Testing with large datasets - can't see the wood for the trees?

Learning my own lessons

In this post, I will examine some techniques for taming large datasets e.g. when you have > 500K rows in a database table or view and you are applying a change that may affect those rows in a variety of ways.  As with all good lessons, this is prompted by my own recent experience when I failed to follow my own advice so I thought I'd write this down in order to atone for my sins and to help my failing memory!

Background

A business change is requested.  In this case, it's to turn off some futures close-out functionality that may have far reaching consequences on the derived P&L.  Indeed, one of the new database procedures delivered as part of the change will update the realised and unrealised PnL for a subset of these trades. Like a good tester, I read and digest the business analysis document and begin to derive my test cases.

I deduce that there are a number of different trade and system states that need to be considered and tested.  

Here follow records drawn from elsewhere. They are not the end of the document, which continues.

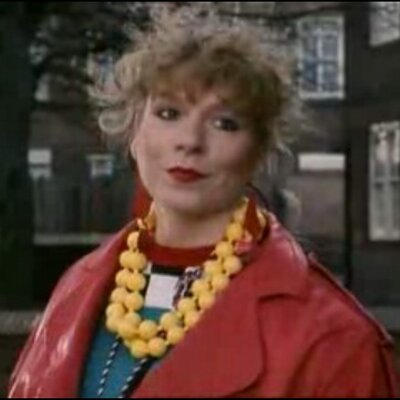 Profile Picture of Danielle Middleton (@superdan40) on Twitter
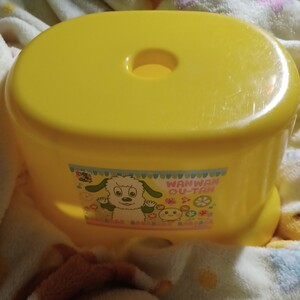  not not ...!WANWAN &U-TAN bath for child chair used .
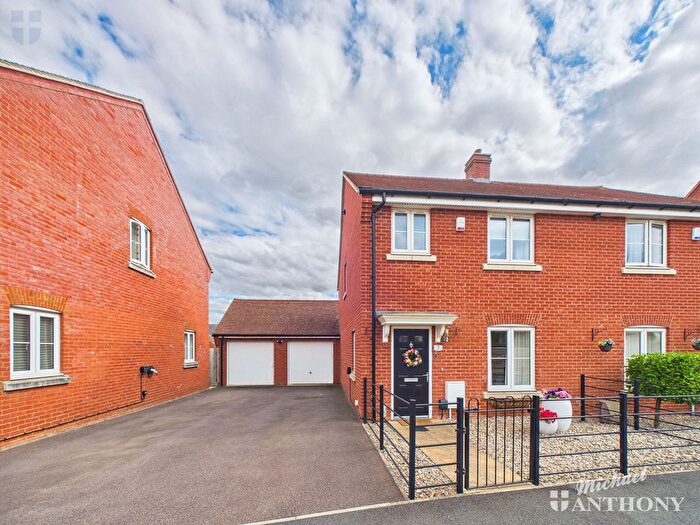 3 Bedroom Semi-detached House For Sale In President Road, Berryfields, HP18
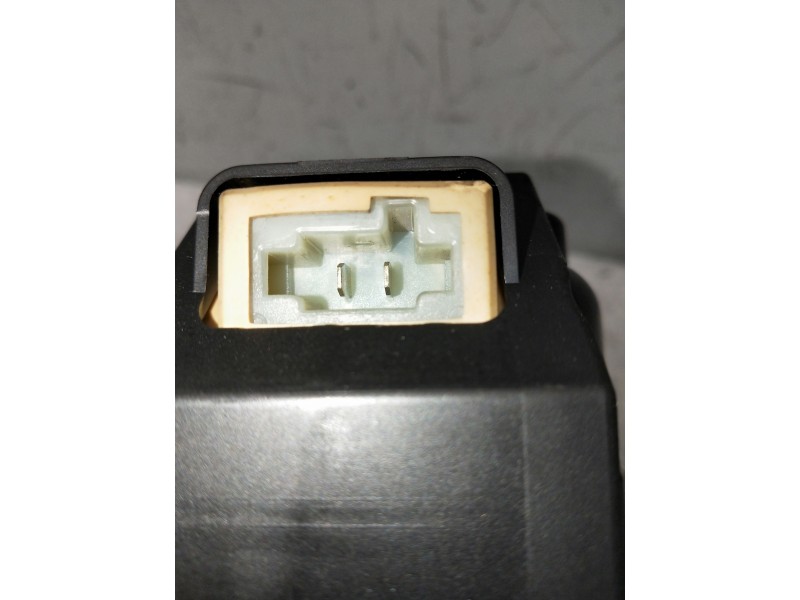 Recambio de volante para citroen c4 picasso referencia OEM IAM 5P1331000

  • Trades that are expired and have yet to expire
  • Trades that have been partially or fully 'closed out' against other trades and trades that have not
  • Trades that are in base currency (GBP) or non-base currency (which are being processed differently)
  • Running the process through the simulated cut-over day and for subsequent processing days

I develop a matrix of tests and a set of test data that caters for all of the test cases I have identified.

I then install the new code, configuration and upload my test data and run the necessary test cases one by one.

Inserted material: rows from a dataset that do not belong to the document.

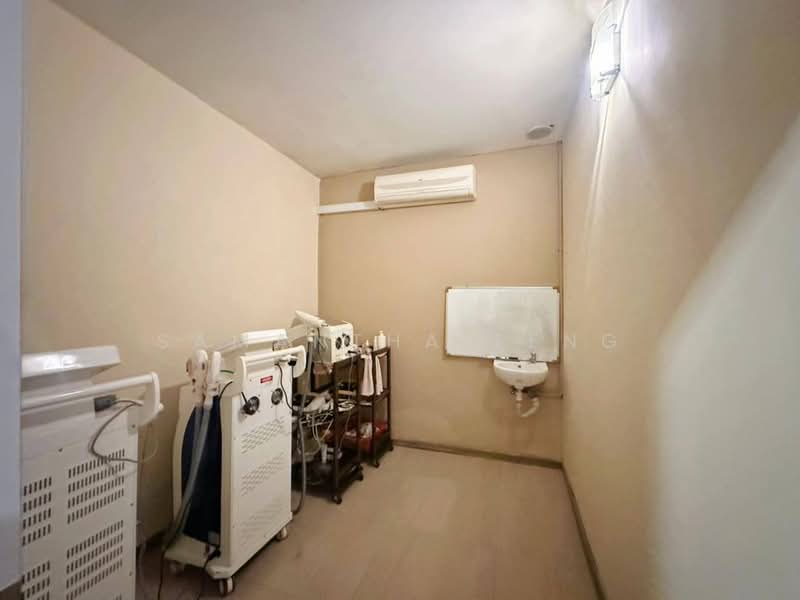 Shop for Rent in Taman Molek (Johor Bahru) - Samantha Teng - PropertyGuru.com.my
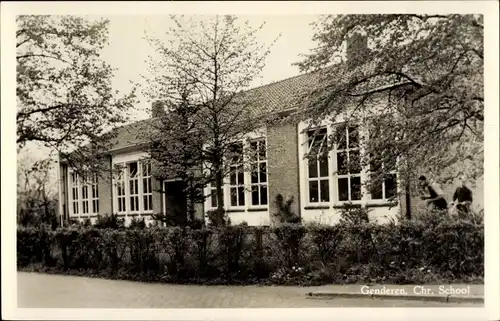 Ak Genderen Gelderland Niederlande, Chr. School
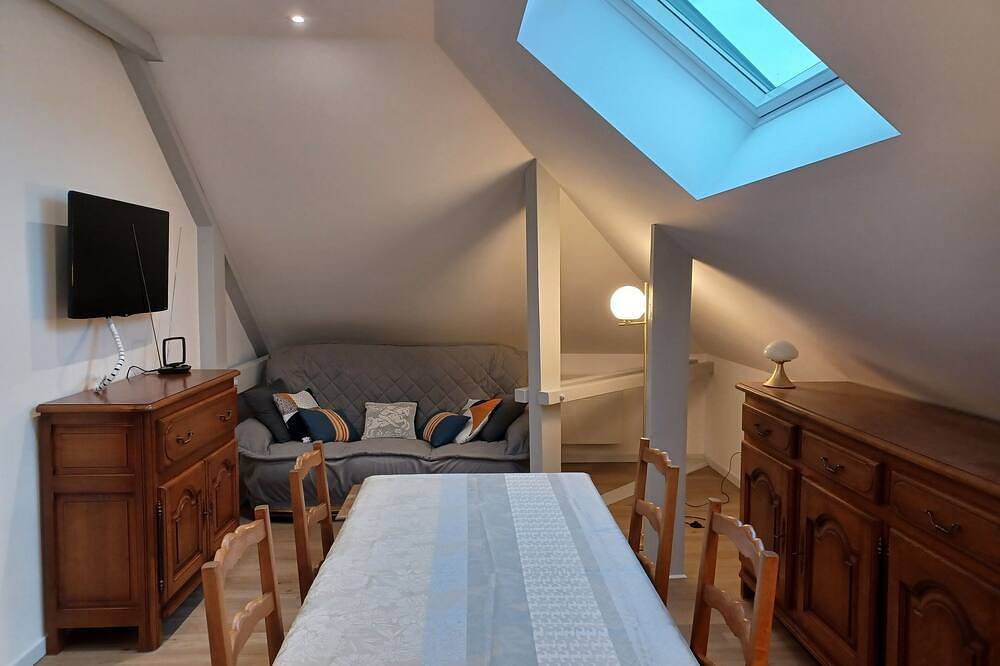 Appartement entier, F2 cosy et calme entre ville et campagne in Fameck, Moselle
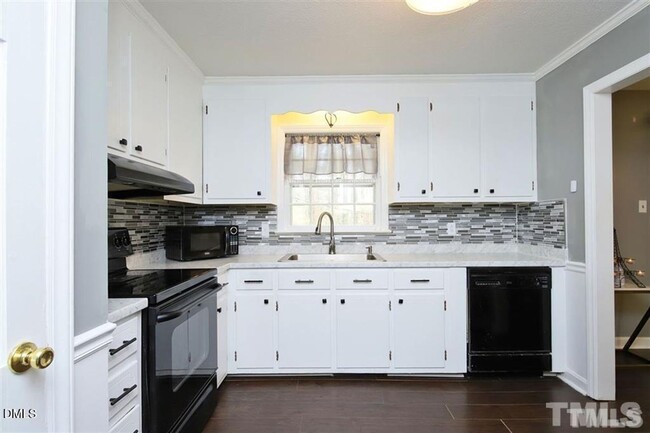 Building Photo - 4 Bedroom 3 Bath Home Available in August!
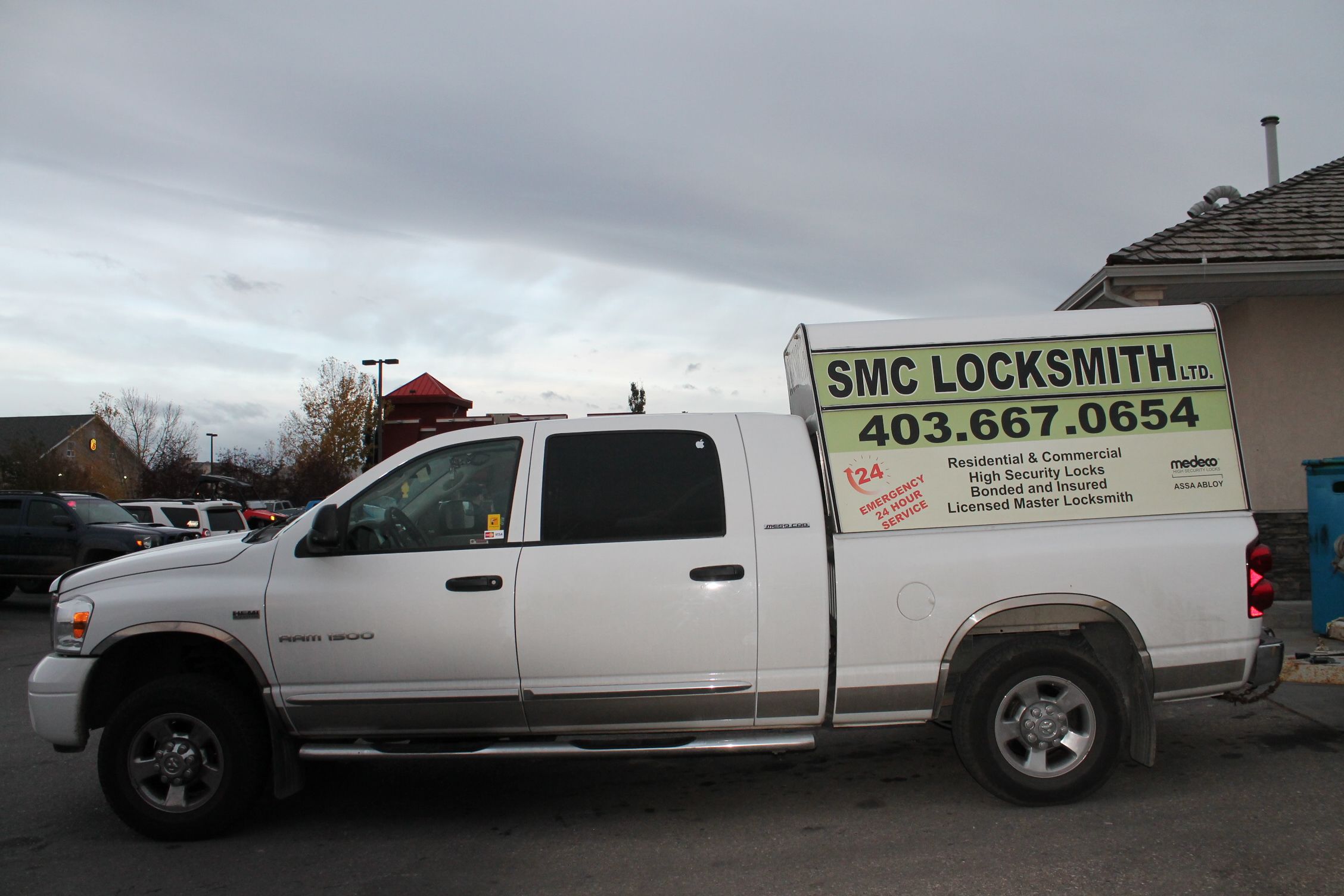 SMC Locksmith - Logo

I examine the results for each test and satisfy myself that in each scenario / test case the behaviour is as per expectation.

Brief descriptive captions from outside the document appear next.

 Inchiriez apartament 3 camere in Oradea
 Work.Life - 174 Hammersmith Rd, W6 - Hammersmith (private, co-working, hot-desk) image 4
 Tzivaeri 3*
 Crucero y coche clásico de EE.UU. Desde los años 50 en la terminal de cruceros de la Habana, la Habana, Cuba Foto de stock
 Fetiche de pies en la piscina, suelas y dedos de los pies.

I also ensure that all the data I expect to be unaffected by the change remains the same.

The Power of EXCEPT

Here, I'd like to share a handy technique that I like to use for ensuring equivalence in datasets. Generally, rows in database tables are unique (based on a set of key columns).  This fact can be used together with SQL EXCEPT (introduced in SQL Server 2005) to do large dataset comparisons.

First backup the data as generated by the process under test before the change, (it'll be handy to have a backup of the control set later to further analyse the differences).

SELECT * INTO [BACKUP_TABLE] FROM [SOURCE_TABLE]

Now run the process that will overwrite your data.

Then find rows that are in one dataset but not the other (both ways around)

SELECT * FROM [SOURCE_TABLE] EXCEPT SELECT * FROM [BACKUP_TABLE]
SELECT * FROM [BACKUP_TABLE] EXCEPT SELECT * FROM [SOURCE_TABLE]

If both of these queries return no rows (and your data has a unique key) you know that the datasets are identical.  Of course, it's likely that you are expecting a number of differences, this is no problem because you can SELECT out the difference rows or even store them into another backup table and run the comparisons again to ensure the only differences are those you expected.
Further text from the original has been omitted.